*What is required*
Omit the pictures, then reproduce exactly the line bearing "Solar Powered Outdoor" and every line after it up to and including the last line of the entries below.

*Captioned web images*
━━━

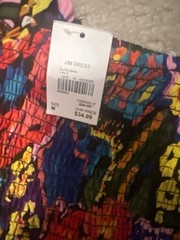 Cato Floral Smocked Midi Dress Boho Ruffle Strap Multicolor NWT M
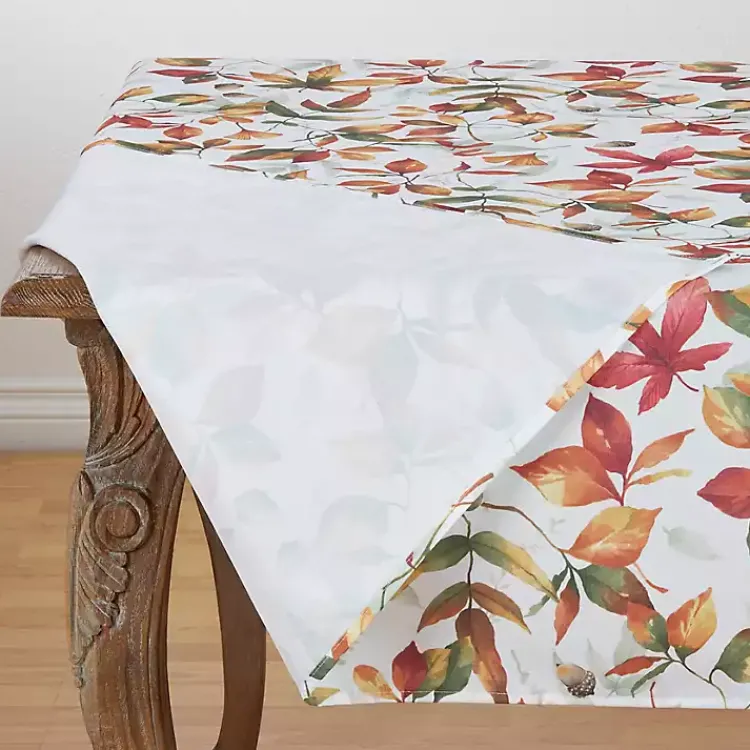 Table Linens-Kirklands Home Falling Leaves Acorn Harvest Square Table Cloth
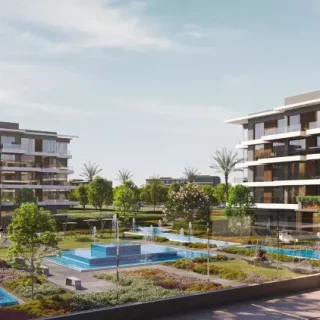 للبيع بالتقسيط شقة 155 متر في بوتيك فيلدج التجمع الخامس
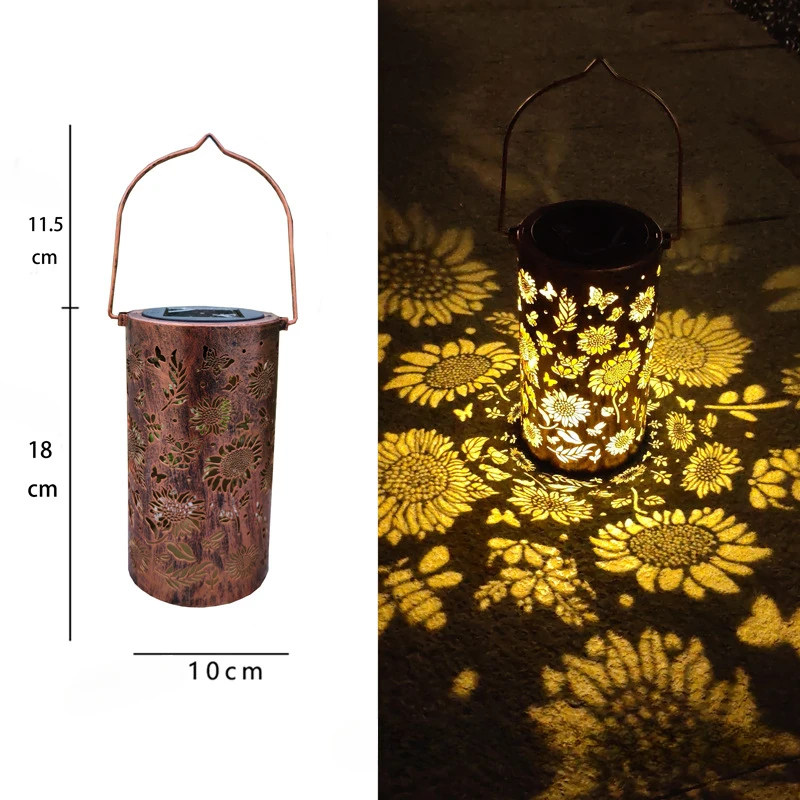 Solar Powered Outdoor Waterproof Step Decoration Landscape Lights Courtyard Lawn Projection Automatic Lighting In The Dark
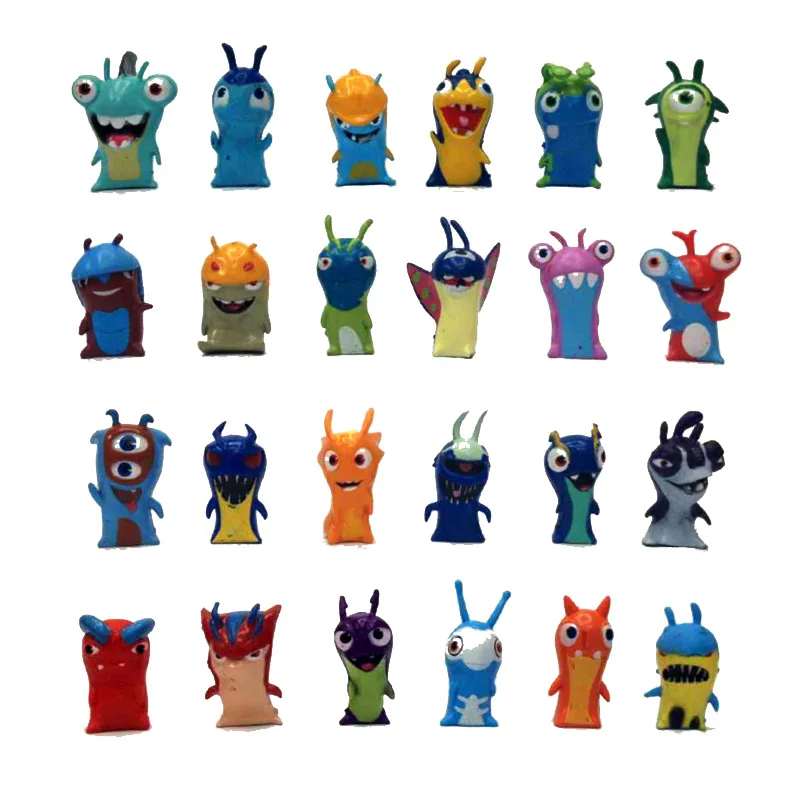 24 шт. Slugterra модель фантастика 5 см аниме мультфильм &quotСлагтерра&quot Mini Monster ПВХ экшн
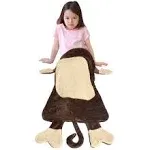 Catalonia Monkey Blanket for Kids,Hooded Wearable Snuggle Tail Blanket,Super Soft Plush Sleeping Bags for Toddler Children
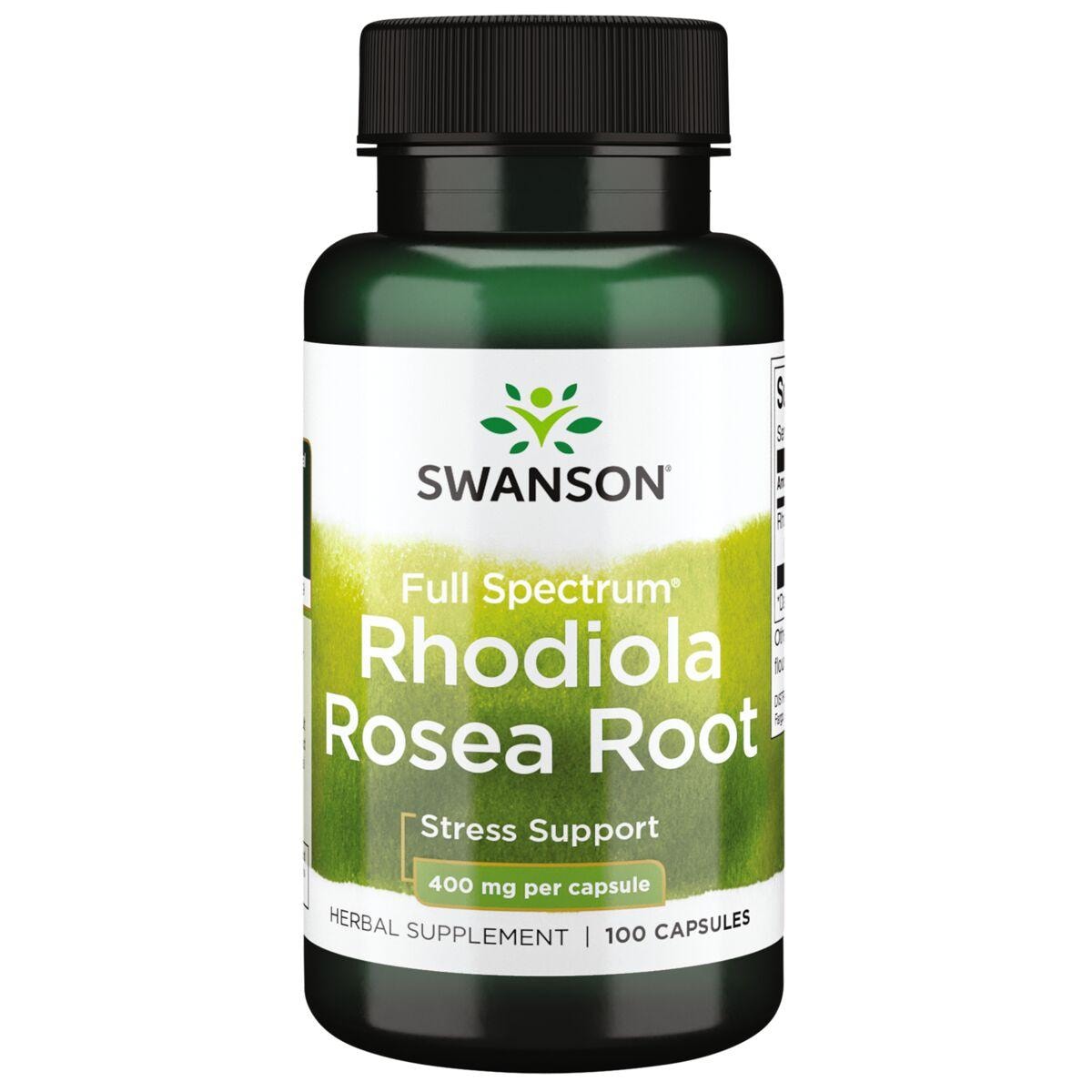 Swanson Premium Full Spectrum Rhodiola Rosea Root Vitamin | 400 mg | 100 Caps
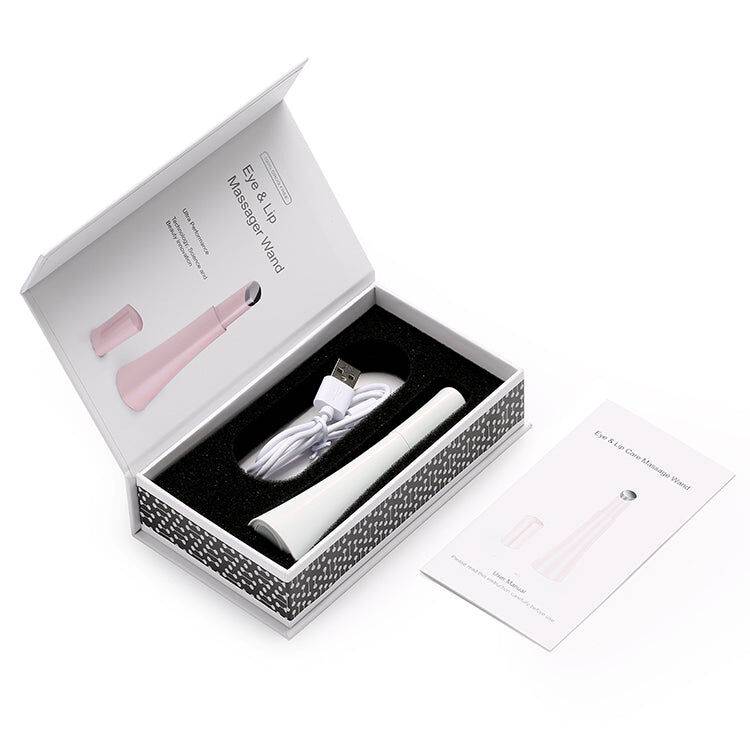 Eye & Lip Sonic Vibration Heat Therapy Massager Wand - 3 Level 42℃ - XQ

━━━

*Response area*
 Solar Powered Outdoor Waterproof Step Decoration Landscape Lights Courtyard Lawn Projection Automatic Lighting In The Dark
 24 шт. Slugterra модель фантастика 5 см аниме мультфильм &quotСлагтерра&quot Mini Monster ПВХ экшн
 Catalonia Monkey Blanket for Kids,Hooded Wearable Snuggle Tail Blanket,Super Soft Plush Sleeping Bags for Toddler Children
 Swanson Premium Full Spectrum Rhodiola Rosea Root Vitamin | 400 mg | 100 Caps
 Eye & Lip Sonic Vibration Heat Therapy Massager Wand - 3 Level 42℃ - XQ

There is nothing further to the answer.